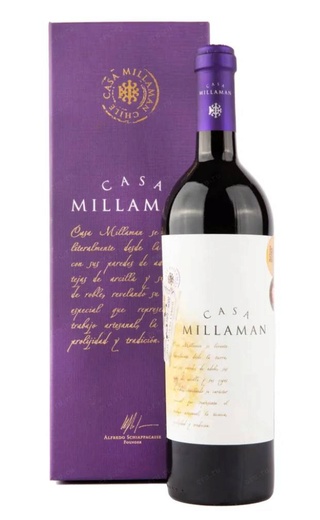 фото вино Casa Millaman 0,75 л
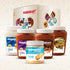 Pureheart Nut spread Combo of Creamy Cashew | Choco Hazelnut | Choco Almond | Choco Mixed Nut | and Creamy Peanut Butter |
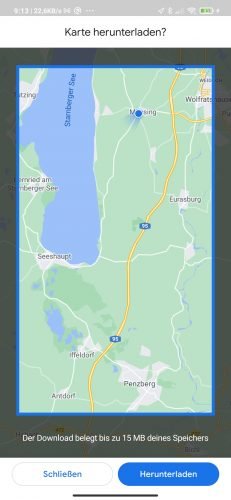 Google Maps Fahrrad Navigation - Tipps & Tricks | Radtouren mit Google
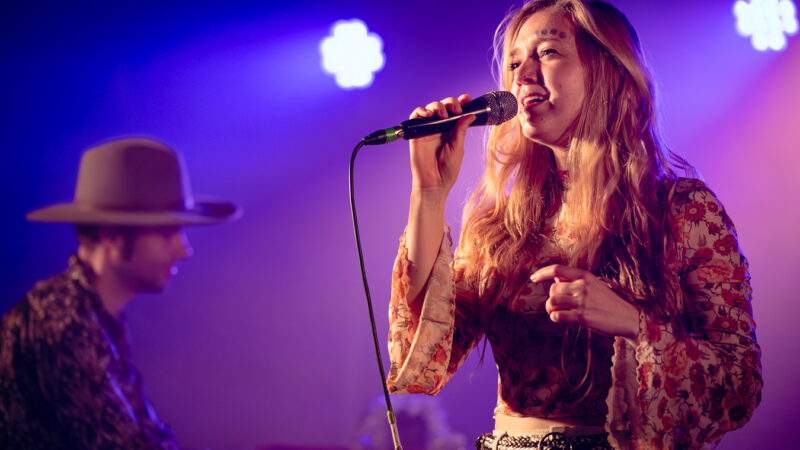 [Photos] Damantra + tremplin junior – Festival Larsen – 23/05/2026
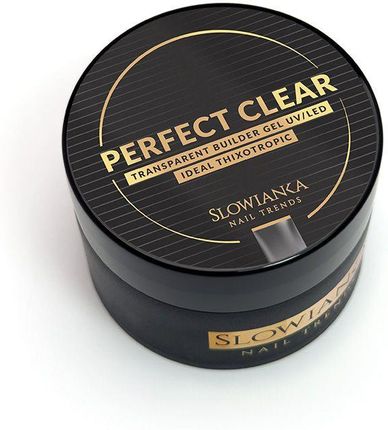 Slowianka Żel Konstrukcyjny Ideal Tixotropic Perfect Clear 50g - zdjęcie 2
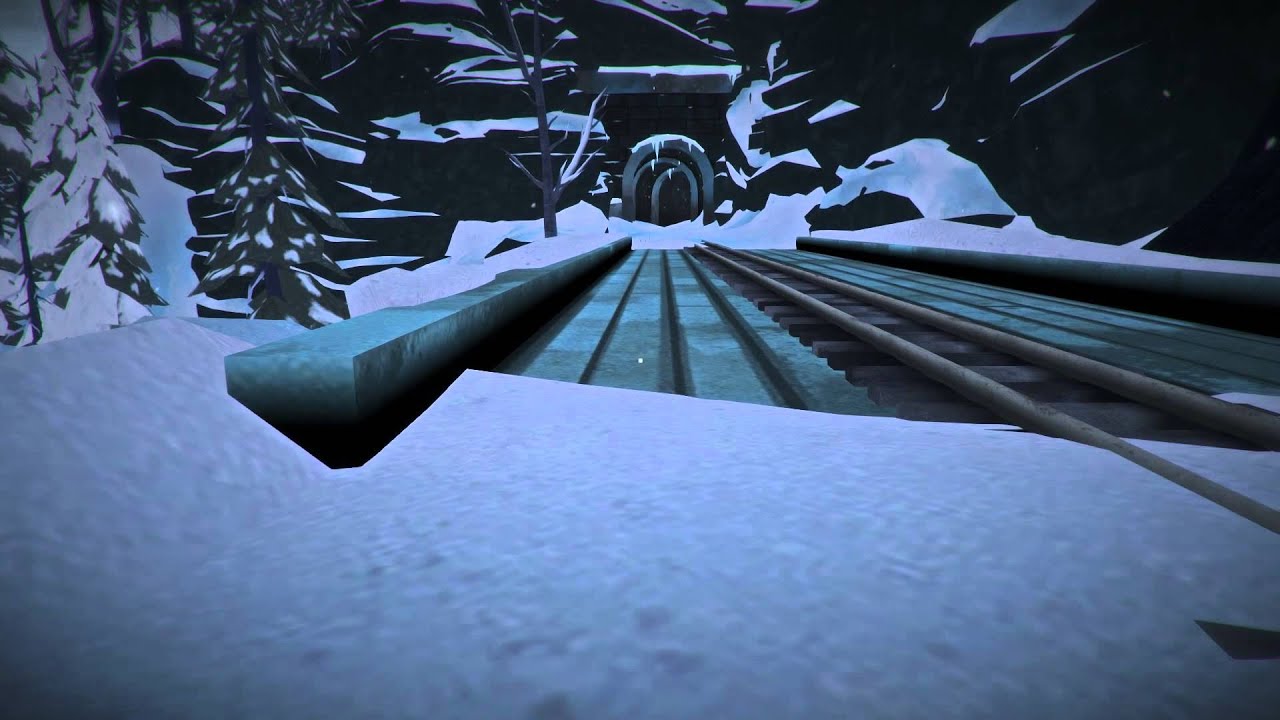 UPDATE First Looks The Long Dark Coastal Highway Map YouTube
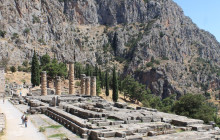 Greece Athens Taxi GAT16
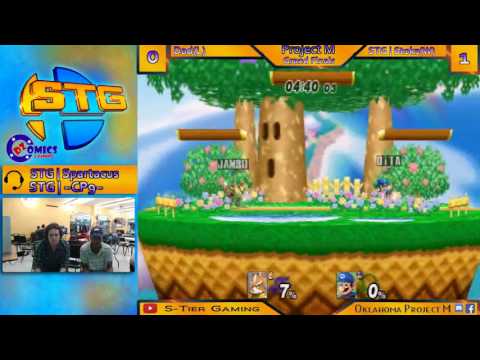 SSS-Tier #9 PM GF: Stoks (Mario) [W] vs. Dad (Squirtle, Fox) [L]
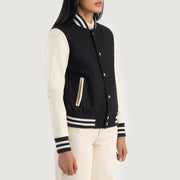 
Savant Varsity Leðurjakki fyrir Konur – alternate product view 2
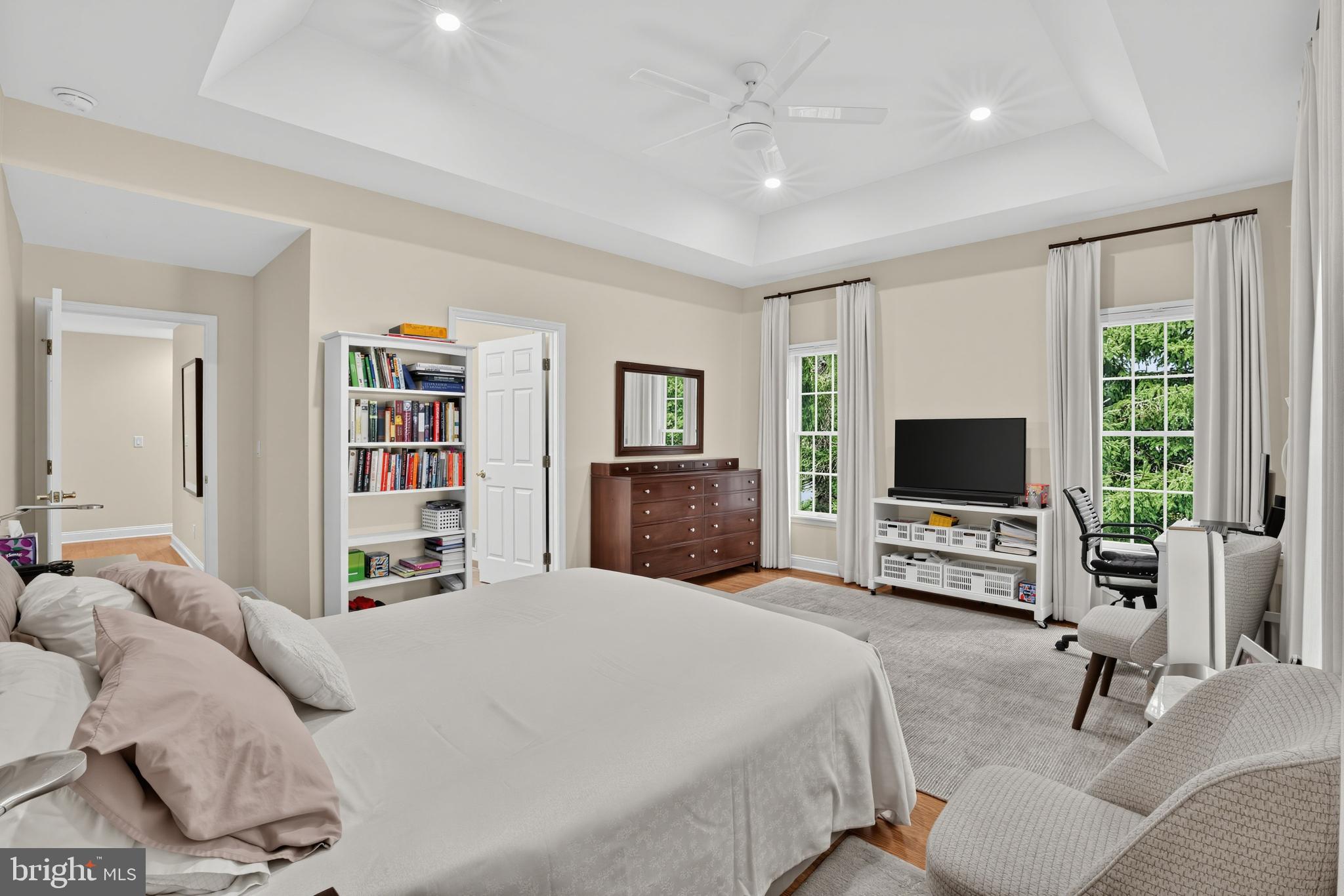 38 Hedge Row Road Princeton, NJ 08540 - Photo 13 of 25 Main Bedroom
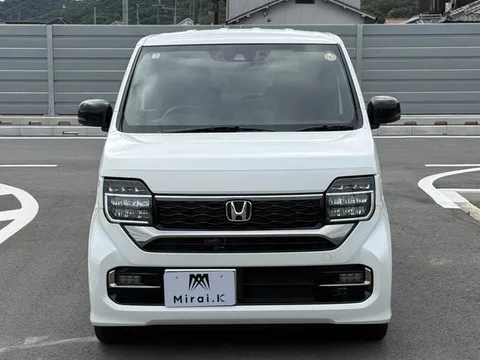 Honda N-WGN Custom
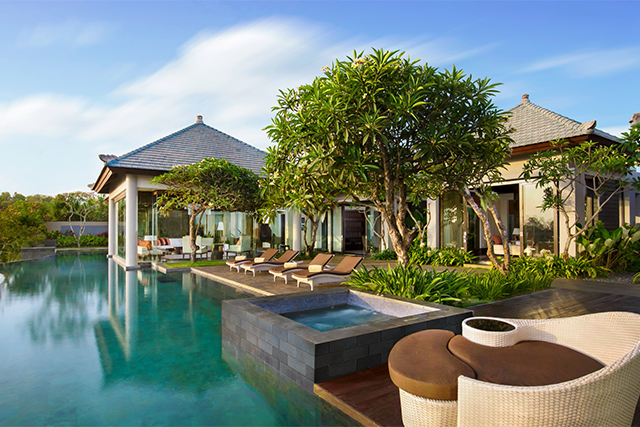 Балийский курорт Banyan Tree Ungasan: идеальный спа-отдых для двоих (фото 1)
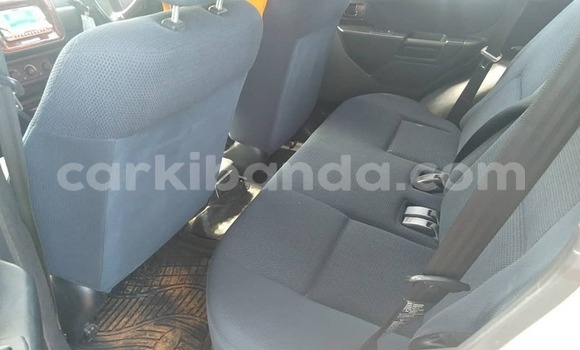 Buy Used Mitsubishi Pajero iO Silver Car in Kampala in Uganda Buy Used Mitsubishi Pajero iO Silver Car in Kampala in Uganda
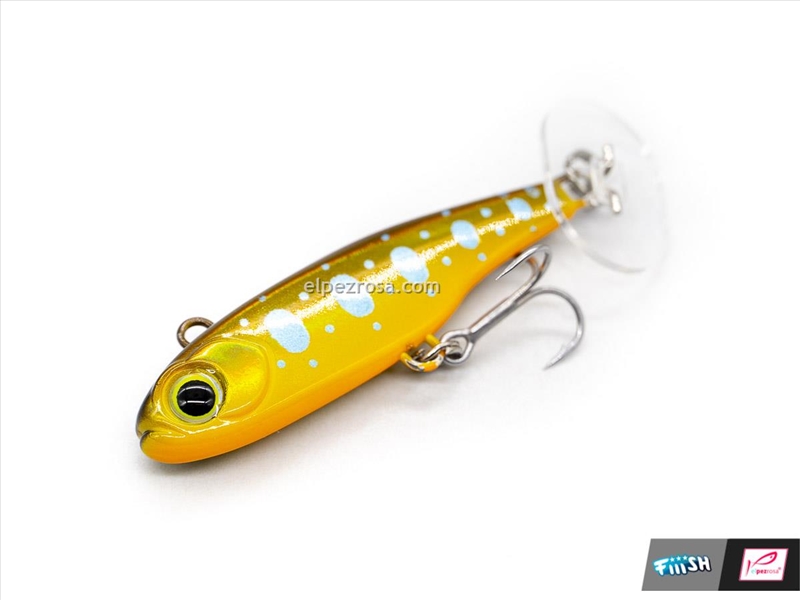 Power Tail 50 Evo - Fiiish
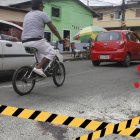 El hecho violento se registró en el centro de Durán.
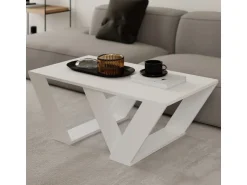 Table basse en bois 
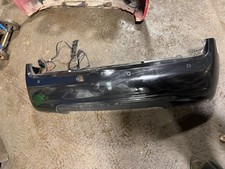 NISSAN MICRA MK3 K12 2008 REAR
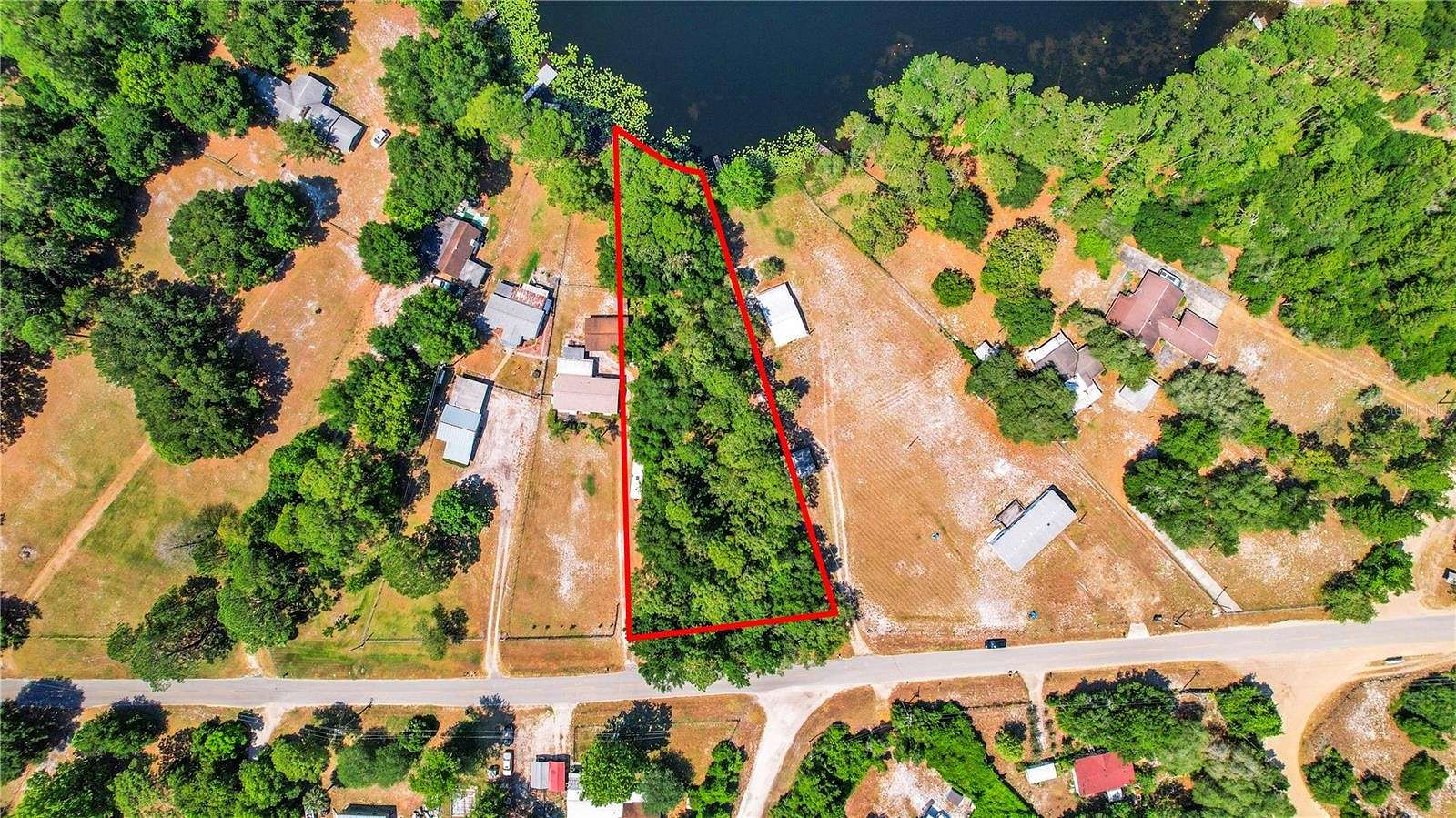 0.68 Acres of Residential Land for Sale in Paisley, Florida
════
**What to produce**
Output only the lines above from the line that holds "Slowianka Żel Konstrukcyjny" through the line that holds "Балийский курорт Banyan", both ends included, and exclude pictures.

**Written answer**
 Slowianka Żel Konstrukcyjny Ideal Tixotropic Perfect Clear 50g - zdjęcie 2
 UPDATE First Looks The Long Dark Coastal Highway Map YouTube
 Greece Athens Taxi GAT16
 SSS-Tier #9 PM GF: Stoks (Mario) [W] vs. Dad (Squirtle, Fox) [L]
Savant Varsity Leðurjakki fyrir Konur – alternate product view 2
 38 Hedge Row Road Princeton, NJ 08540 - Photo 13 of 25 Main Bedroom
 Honda N-WGN Custom
 Балийский курорт Banyan Tree Ungasan: идеальный спа-отдых для двоих (фото 1)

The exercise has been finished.